TORONTO, ONTARIO, CANADA — Global ethanol production is expected to hit 85 billion liters, which will reduce greenhouse gas emissions by 100 million tonnes in 2013, the Global Renewable Fuels Alliance (GRFA) said on Sept. 26.
Despite a fragile European economy and a slower than predicted global economic recovery, the GRFA in cooperation with F.O. Licht forecast a near 1.5% growth in ethanol output of 85 billion liters in 2013, up from just over 83 billion liters 2012.
“This year’s forecast shows that even in the face of a difficult global economy, demand for biofuels is growing. This is excellent news but demand and production need to continue to grow to further reduce our reliance on crude oil,” said Bliss Baker, spokesperson for the GRFA.

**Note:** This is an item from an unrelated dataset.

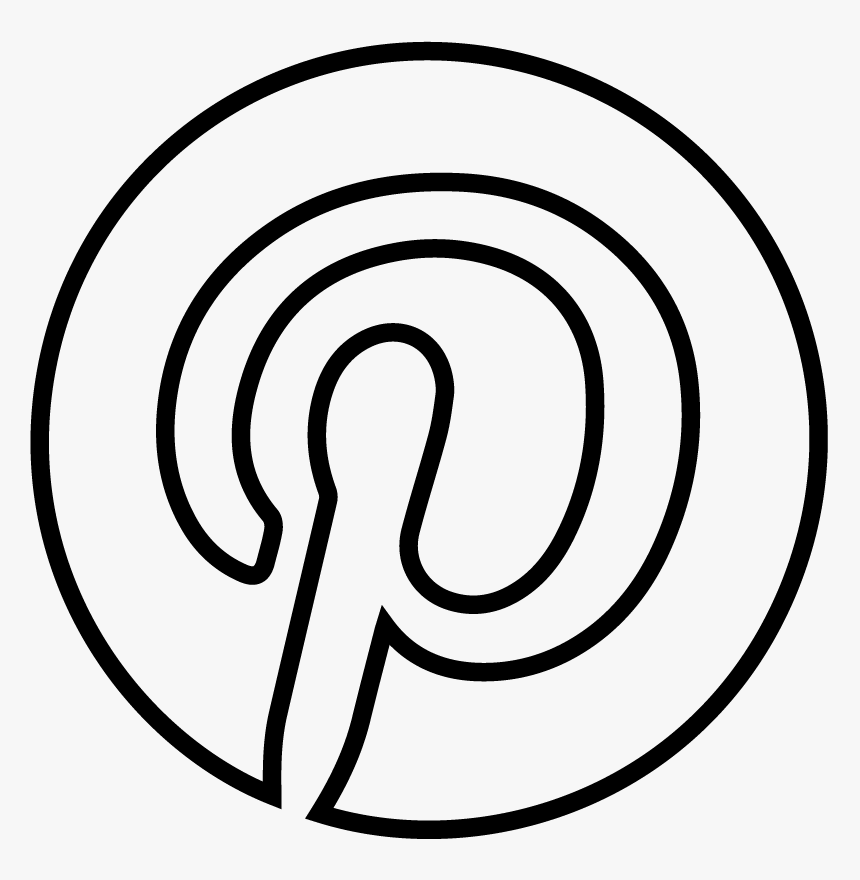 Pinterest &ndash Logomecca - Pintrest Logo Png Outline, Transparent Png, Free Download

More positive news from this global growth is that ethanol production in all parts of the world, including the Americas, Africa, Asia and Europe are forecasted to increase, with the U.S. and Brazil continuing to be the largest producers.
“Perhaps the best news of all is that Europe is forecasted to increase ethanol output by over 3% in 2013 as biofuels continue to be in demand and the industry continues to grow in the face of political wrangling and economic hardship,” said Baker.
In partnership with (S&T)2 Consultants Inc., an international energy and environmental consulting firm, the GRFA released figures that demonstrate the positive impact global ethanol production continues to have on reducing global GHG emissions. Figures reveal that world ethanol production in 2013 will reduce global GHG emissions by nearly 274,000 tonnes per day. Compared to 2012, this is an increase of nearly 4,000 tonnes per day in GHG reductions.
“These encouraging numbers show that global biofuels production is reducing greater amounts of GHG emissions year after year which is playing a significant role in successfully combating climate change,” said Baker. “Reducing GHG emissions by over 100 million tonnes per year is very significant particularly in the transportation sector, it is equal to removing over 20 million cars off the road, that’s more than all the cars registered in Portugal and The Netherlands or all the cars in the Republic of Korea.”